L’été rime avec plage, farniente, soleil et baignade. Mais pour certains artistes le sable est un terrain de jeu illimité où créativité et impermanence se côtoient. Pour d’autres, c’est un matériau qui exige précision et patience pour des œuvres impossibles à retoucher ou modifier lors du processus de création.

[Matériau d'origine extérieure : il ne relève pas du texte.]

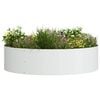 vidaXL Planter Ring White 80 x 80 x 20 cm Cold-rolled Steel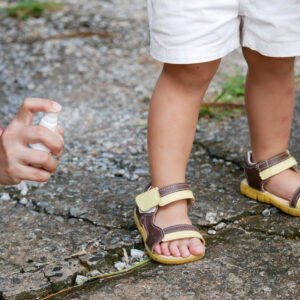 Do It Yourself Bug Repellants Without...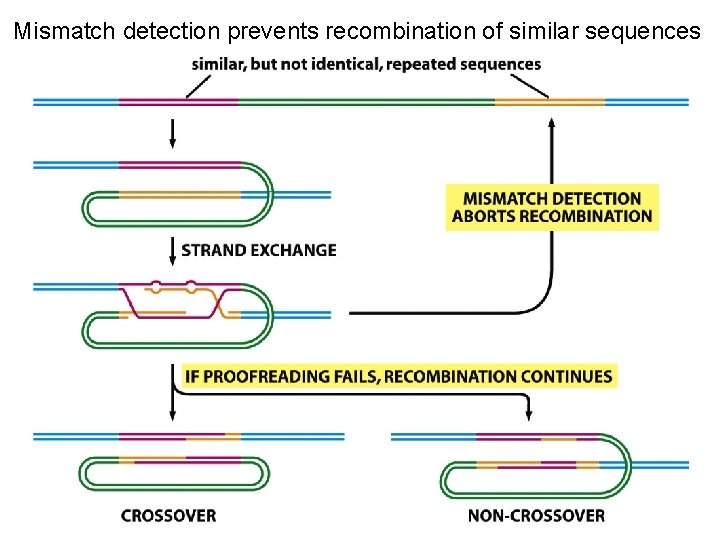 Mismatch detection prevents recombination of similar sequences 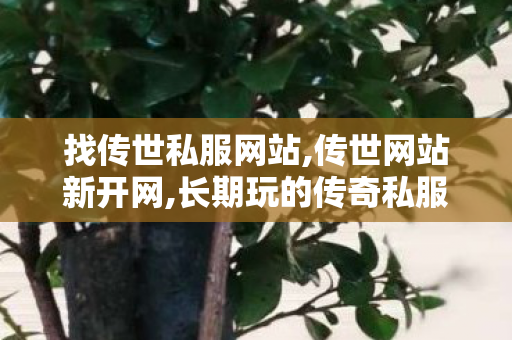 找传世私服网站,传世网站新开网,长期玩的传奇私服,传世网站新开网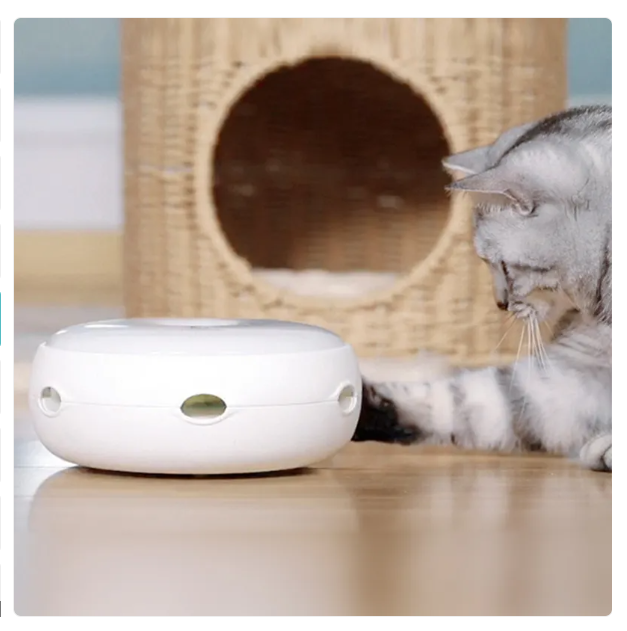 White pet toy on a wooden floor with a cat in the background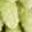 Green Leaf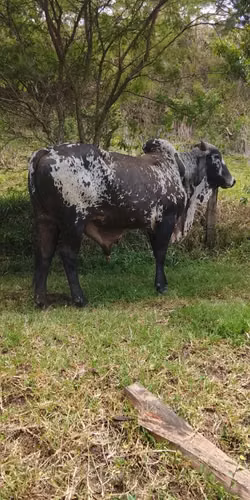 Diaponible Toro Zardo Negro .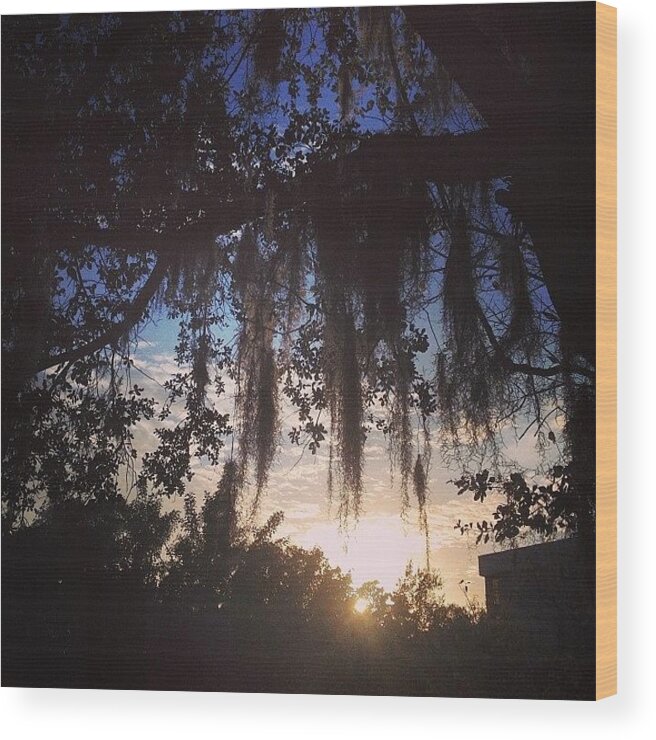Magic Wood Print featuring the photograph I Miss The #magic Of Spanish Moss by Rose Read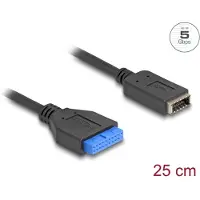 DeLOCK 65100, 0,25 m, 3.2 Gen 1 (3.1 Gen 1), USB 3.1 Gen 1 (19-pin), USB Type-E, Naaras, Naaras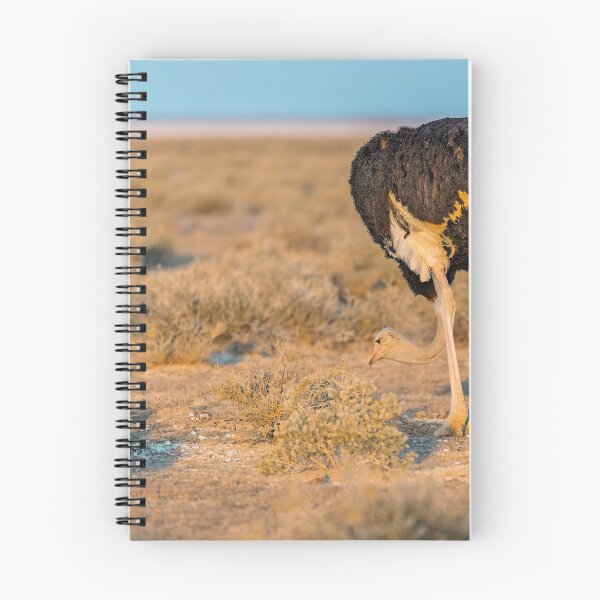 Item preview, Golden Hour Grazer — Ostrich of Etosha, Namibia designed and sold by DavideAntoniani.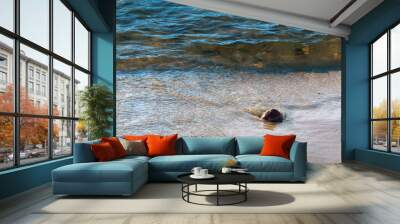 Sea wave and stones. Small stone on the sand. Sea coast with stones. Wall mural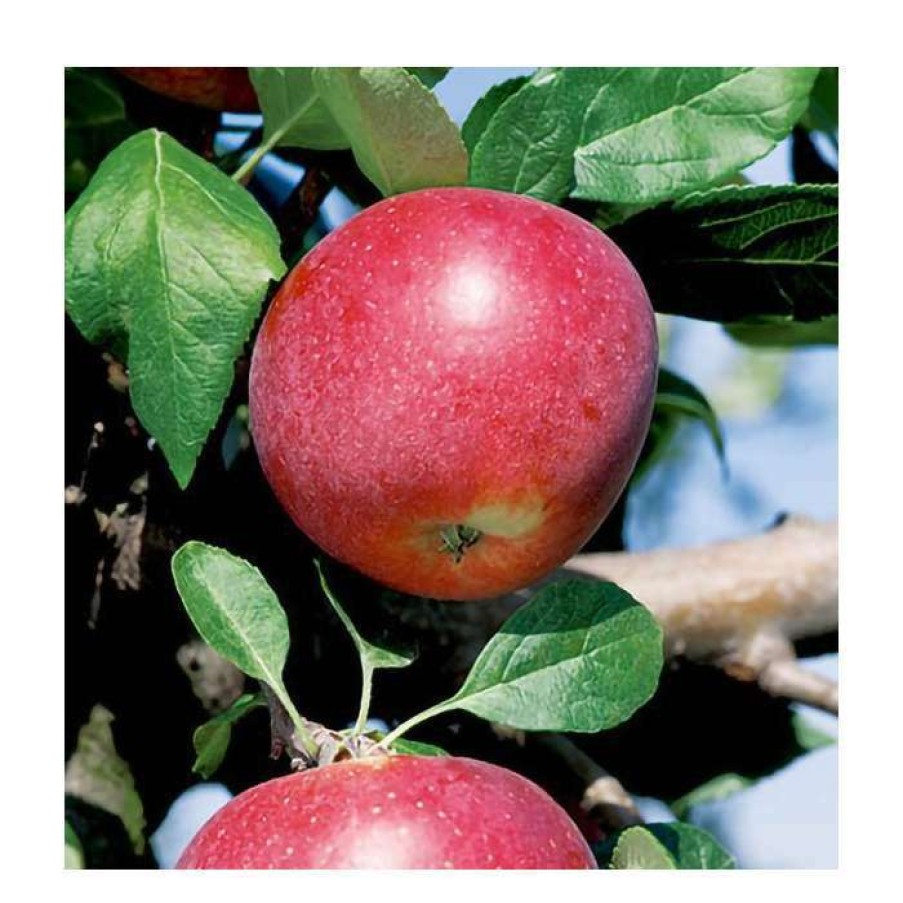 Fruit Trees * | 5Ft 'Red Devil' Apple Tree | Mm106 Semi Vigorous Rootstock | 12L Pot | By Frank P Matthews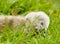 A very small and fluffy little swan, just slipped, newborn, rests and gaggles at the banks of a lake.  Very cute and awesome.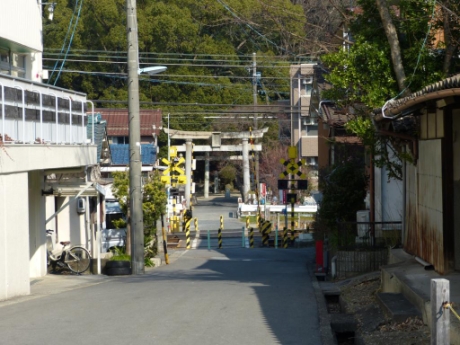 画像23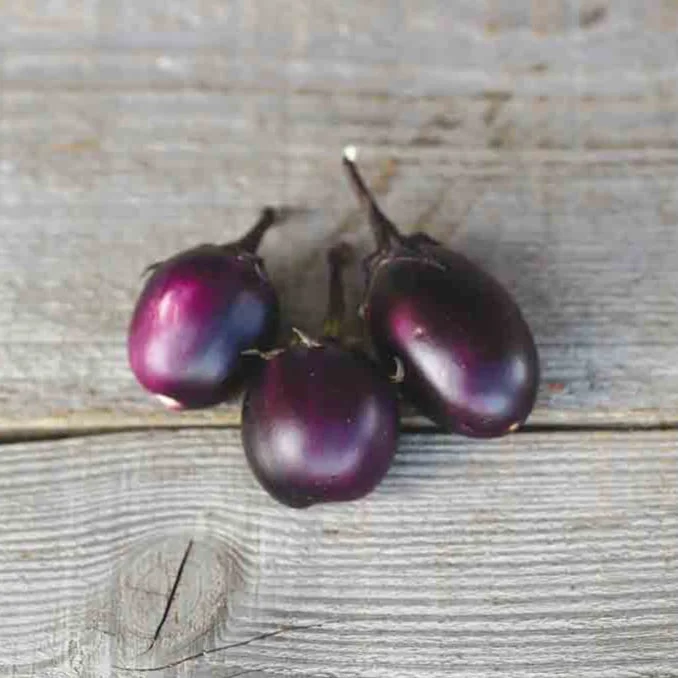 Aubergine Bambino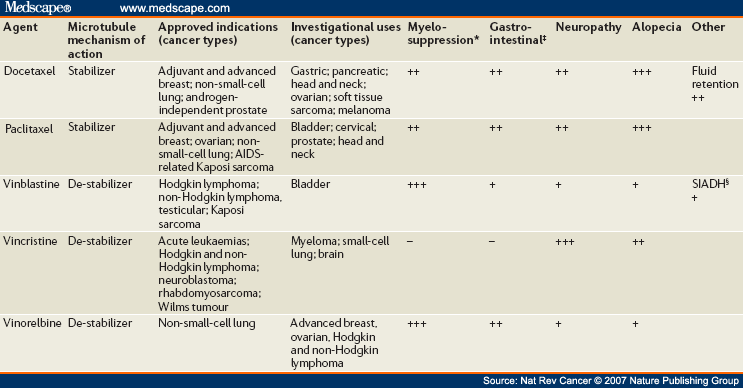 mitotic therapies can we improve on tubulin agents Biology Diagrams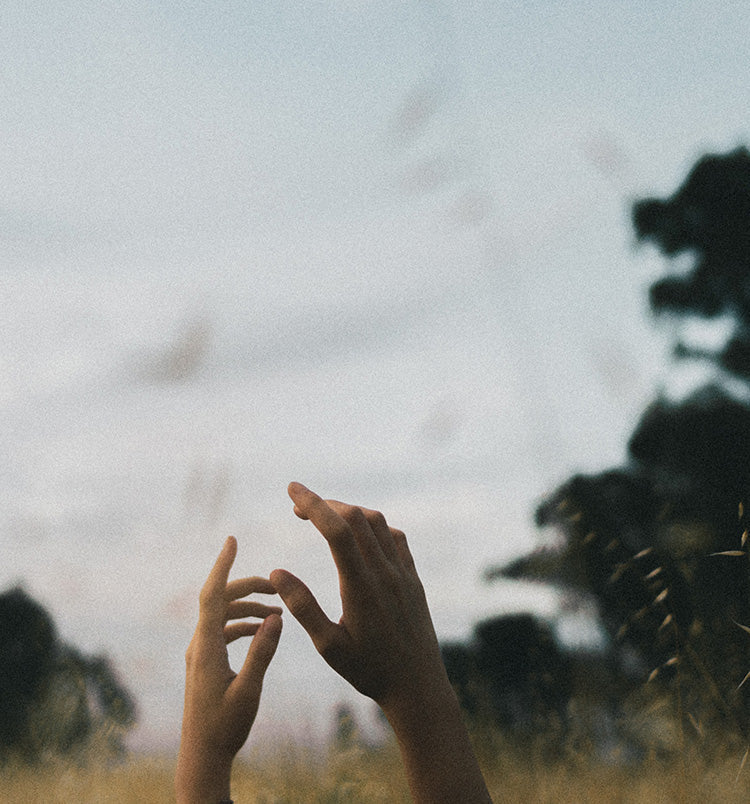 Must-Have Herbs for Spring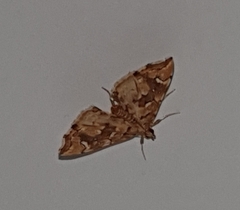 Musotima nitidalis
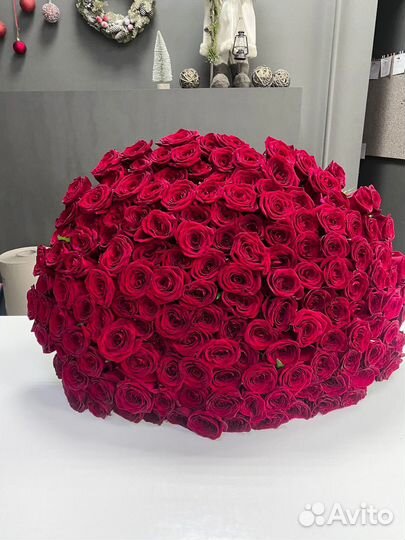 Розы с доставкой, 151 роза 201 301
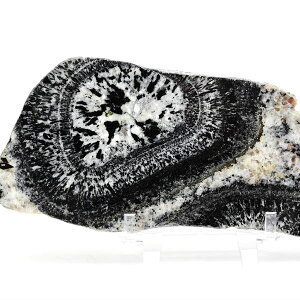 I[rLCg v[g uI[XgAYy429.5gzԛbI[rL[bOiCgbub[bXCXbIuWFbVR΁bp[Xg[b39Vbv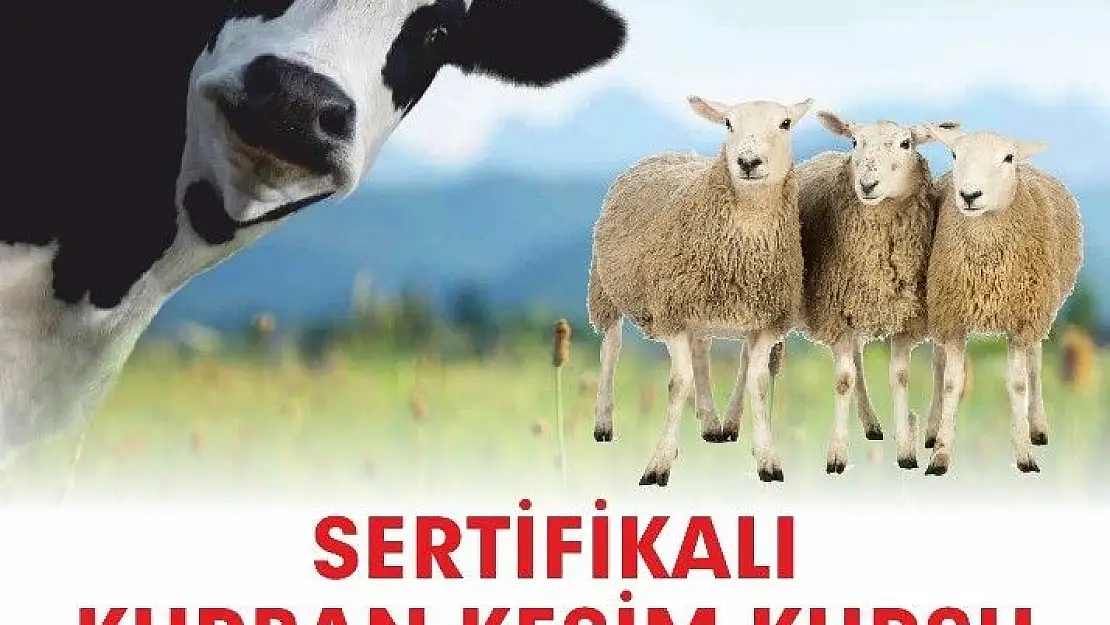 'Büyükşehirden kurban kesim kursu'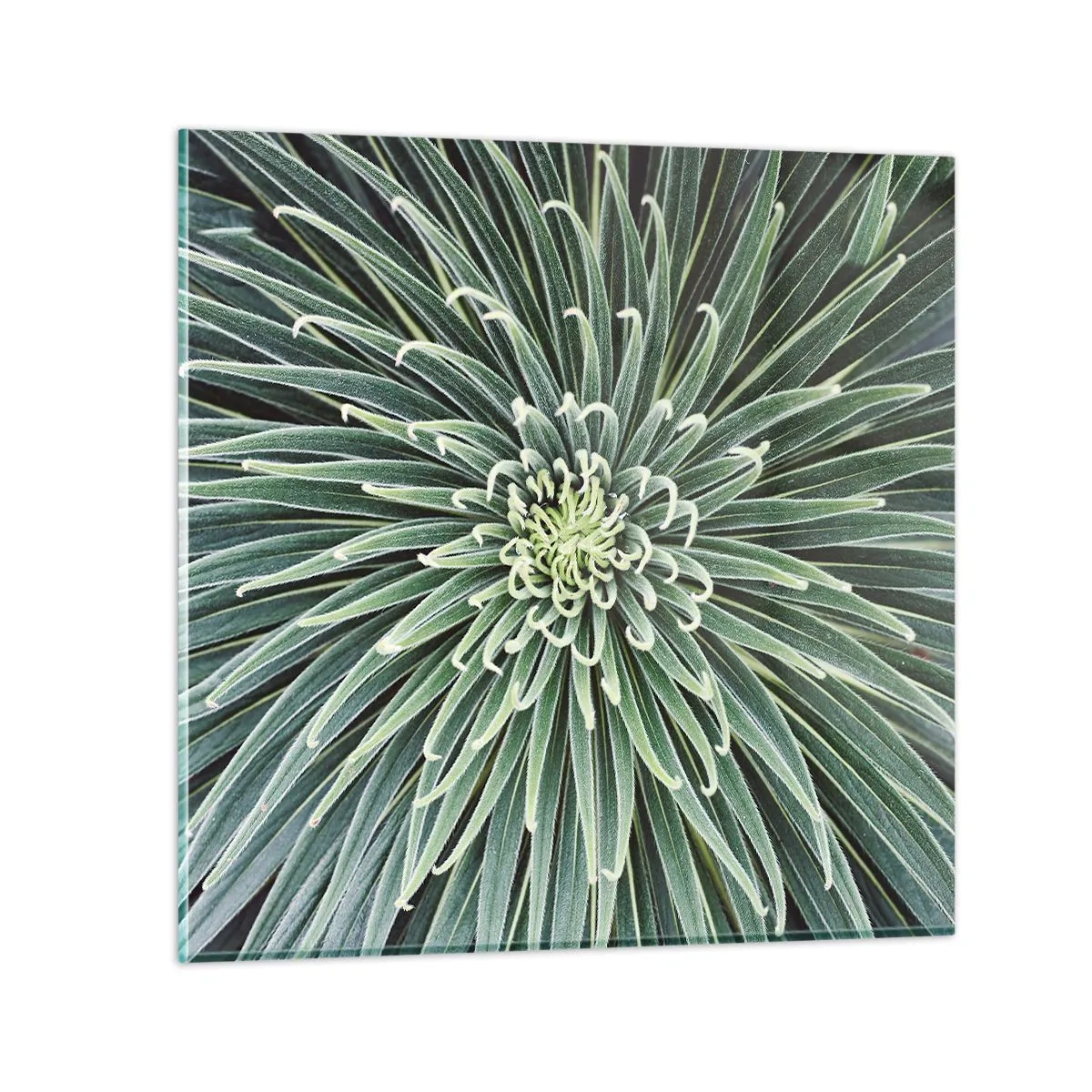 Üveg kép - Csillag születik - 50x50 cm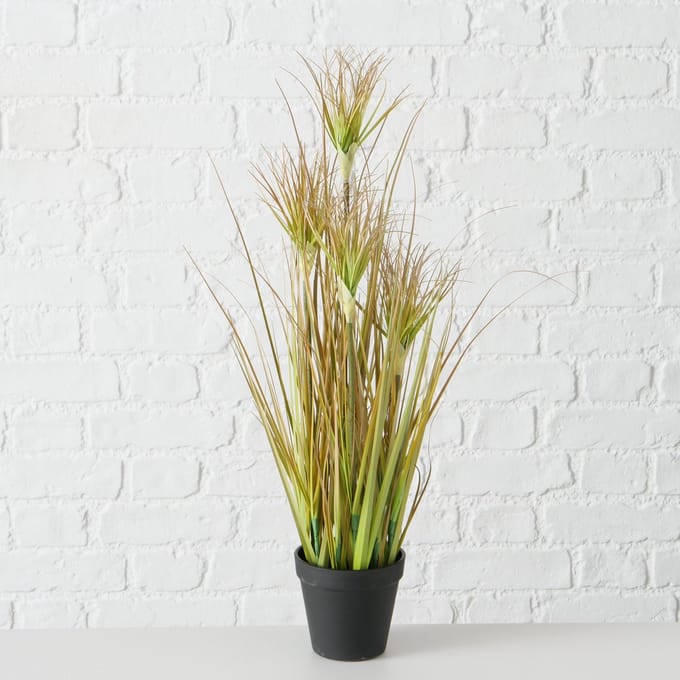 Plant in pot - Glanshaver - 60cm - Groen - Kunststof - Boltze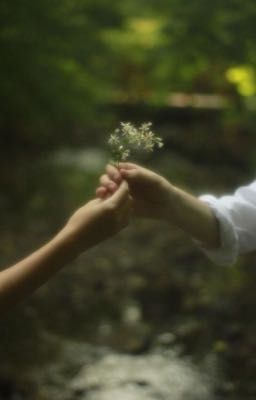 sonbinh - everything 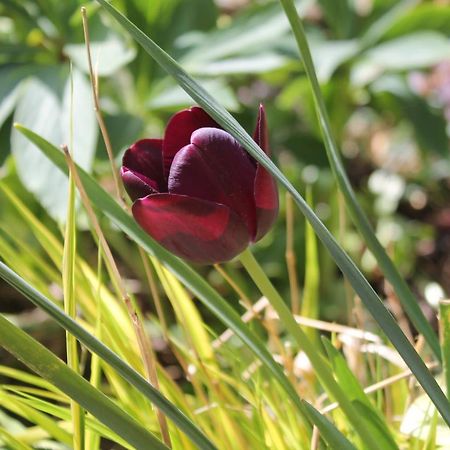 Sankt Julian Maison Mille Fleurs מראה חיצוני תמונה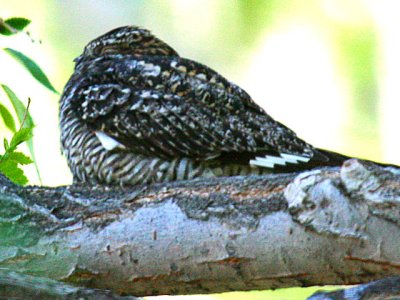 Common Nighthawk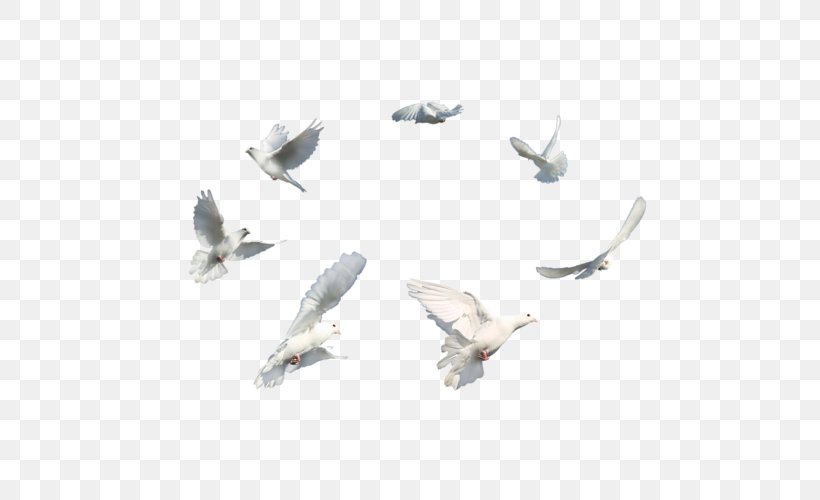 Columbidae Wing Bird, PNG, 500x500px, Columbidae, Bird, Cover Art, Doves As Symbols, Fauna Download Free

Un art pas tout à fait éphémère
Les artistes ont développé plusieurs techniques pour mettre en valeur cette matière si particulière. Ilana Yahav, artiste israélienne, s’est spécialisée dans l’animation du sable. Ses œuvres réalisées au doigt sur une plaque de verre éclairée sont très poétiques. Chaque performance est unique, chargée d’émotions et presque enchanteresse comme en témoignent les vidéos qui circulent sur la toile. Selon Ilana Yahav la magie réside dans la mise en mouvement d’une partie de son corps : “ J’ai toujours été captivée par la capacité des gestes des mains à exprimer des émotions comme la colère, la compassion et l’amour… Comme dans une danse, de tels mouvements sont créateurs d’émotions, lesquelles jouent un rôle prépondérant dans la création”.
Andres Amador, quant à lui, exerce son art en pleine nature avec pour outil un râteau. Cet artiste paysagiste trace, des heures durant, des motifs inspirés du végétal et recherche une harmonie avec l’environnement.
Cette pratique limitée par la contrainte du temps et des éléments naturels est propice à la réflexion sur la place de l’artiste dans le processus de création mais aussi sur l’impermanence de la vie et l’impact des œuvres sur le spectateur. Un terrain de jeu illimité car après avoir exploré baies et criques californiennes l’artiste s’exerce également sur la terre ferme.

Jamie Harkins a décidé de passer de la feuille au sable : s’inspirant des dessins à la craie, il arpente les plages de Nouvelle-Zélande pour nous offrir de somptueux dessins en 3D qui prennent tout leur sens vus de loin. L’artiste pousse même la performance en invitant le public à prendre la pose et à habiter ses œuvres. Véritable illusionniste des sables, il explore la frontière du rêve et de la réalité.
Vous l’aurez compris, le travail du sable a le vent en poupe ces dernières années. Même Daim, le célèbre graffeur, y a succombé. En juillet 2012, l’artiste réalise son blaze à la pelle en 3D sur l’île de Förh (Mer du Nord, Allemagne). 6 heures de travail réduites à néant en quelques minutes mais de très beaux clichés 100% nature témoignent du talent pluridisciplinaire de cet expert du street art. La création d’oeuvre sur les plages ou en animation, est de prime abord vouée à disparaître bien que les nouvelles technologies (photo, vidéo, réseaux sociaux) en gardent une trace indélébile.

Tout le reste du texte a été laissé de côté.